MATERIALS PROVIDED:
.....
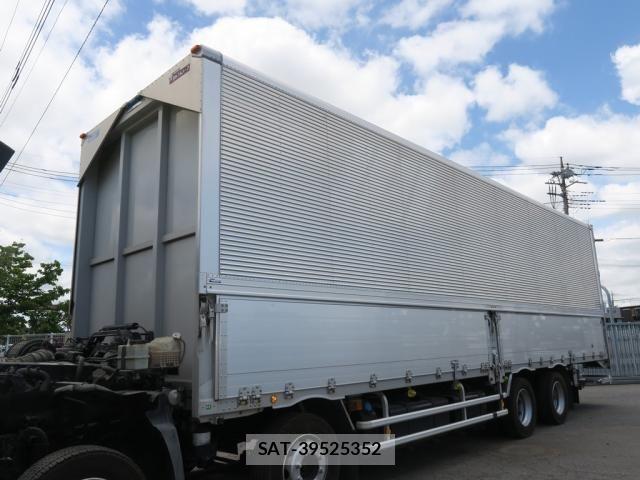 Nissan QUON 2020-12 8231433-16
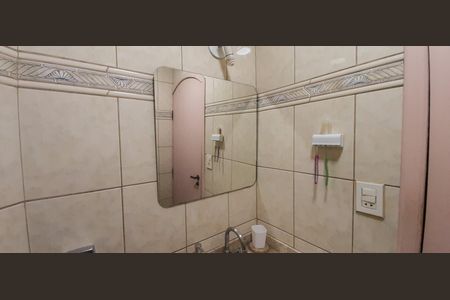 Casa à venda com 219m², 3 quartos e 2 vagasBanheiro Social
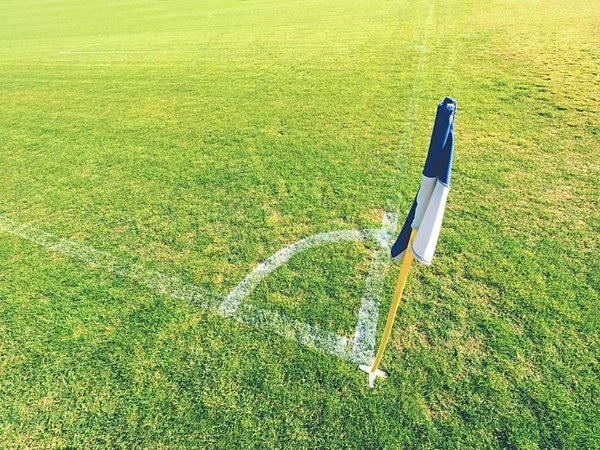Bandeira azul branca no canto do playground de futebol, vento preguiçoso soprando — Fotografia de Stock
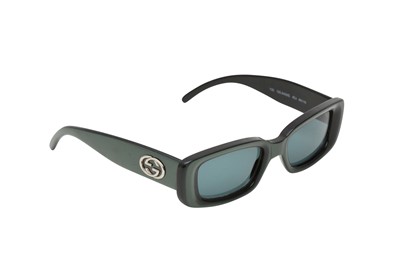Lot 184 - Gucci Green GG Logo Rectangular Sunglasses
.....
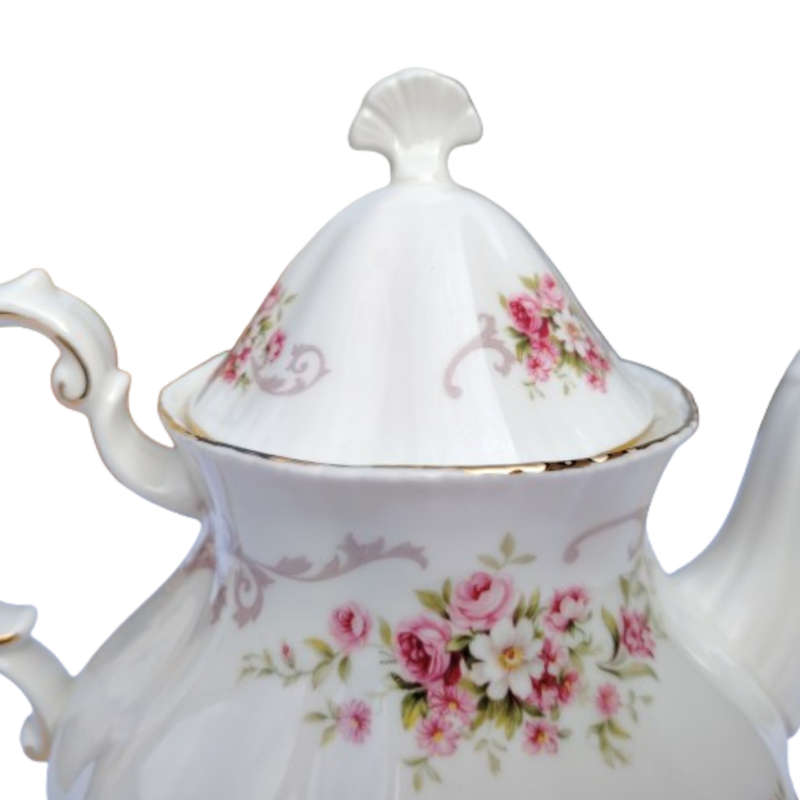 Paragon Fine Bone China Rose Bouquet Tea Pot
.....
REQUIRED WORK: Please print the lines above word for word, starting at the one with "Bandeira azul branca" and ending at the one with "Lot 184 - Gucci", both included, and without any picture.

EXERCISE RESULT:
Bandeira azul branca no canto do playground de futebol, vento preguiçoso soprando — Fotografia de Stock
Lot 184 - Gucci Green GG Logo Rectangular Sunglasses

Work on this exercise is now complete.